Correlation? Growth in Clean Energy Jobs & Number of Apprentices

As a saying attributed to investor George Soros goes, “markets can influence the events they anticipate.”1 There is, therefore, a question as to whether the clean energy job market reflects the anticipation of the credits enacted by the IRA. The U.S. Department of Energy’s 2023 USEER shows a 3.9% national increase in the number of clean energy jobs from 2021 to 2022, and found the number of clean energy jobs grew across all 50 states and Washington, D.C.2 With this growth comes the expectation for a correlated increase in demand for qualified apprentices under the PWA guidance. For those credits eligible for the PWA bonus credit, each taxpayer, contractor, or subcontractor who employs four or more workers for construction alteration or repair work must employ one or more qualified apprentices. So, this begs the question—has this correlation proven itself in the U.S. market?

Certainly, there has been an increase since the IRA in the number of apprentices overall.
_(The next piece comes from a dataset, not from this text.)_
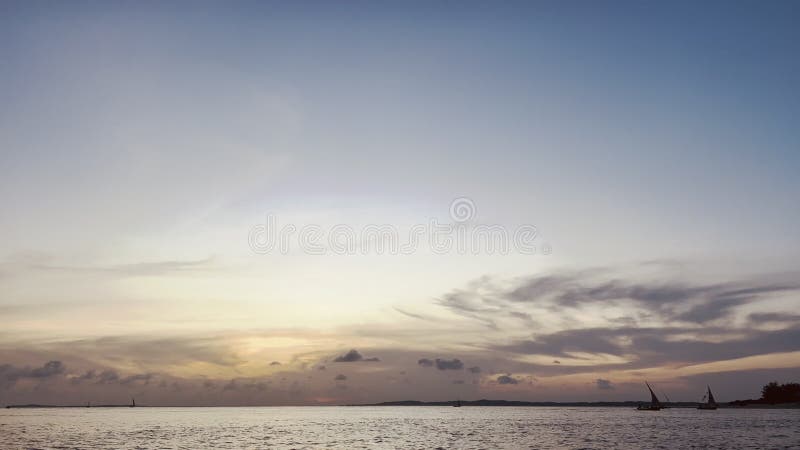 Tramonto tramonto tramonto spiaggia cielo nuvoloso mare mare mare paesaggio oceanico shela lamu regione costiera kenya africa orie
According to apprenticeship.gov, active apprentices in the U.S. have increased from 580,458 in 2021 prior to the IRA to 641,044 in the 2024 post-IRA landscape.3 Interestingly, the map below of active apprentice locations shows some of the greatest concentration in California, Texas, and Ohio.

Map showing the concentration of active apprentice locations in the United States.
Source: apprenticeship.gov

The USEER 2023 report also shows that these three states are among the country’s leaders in clean energy job growth generally—coming in at 3.6%, 5.5%, and 4.4% growth, respectively.4 Therefore, it seems there is at least some overlap in the two data points, which perhaps points to the conclusion that the IRA and PWA are operating as intended—to motivate the growth of jobs within the clean energy space and include qualified apprentices within those jobs.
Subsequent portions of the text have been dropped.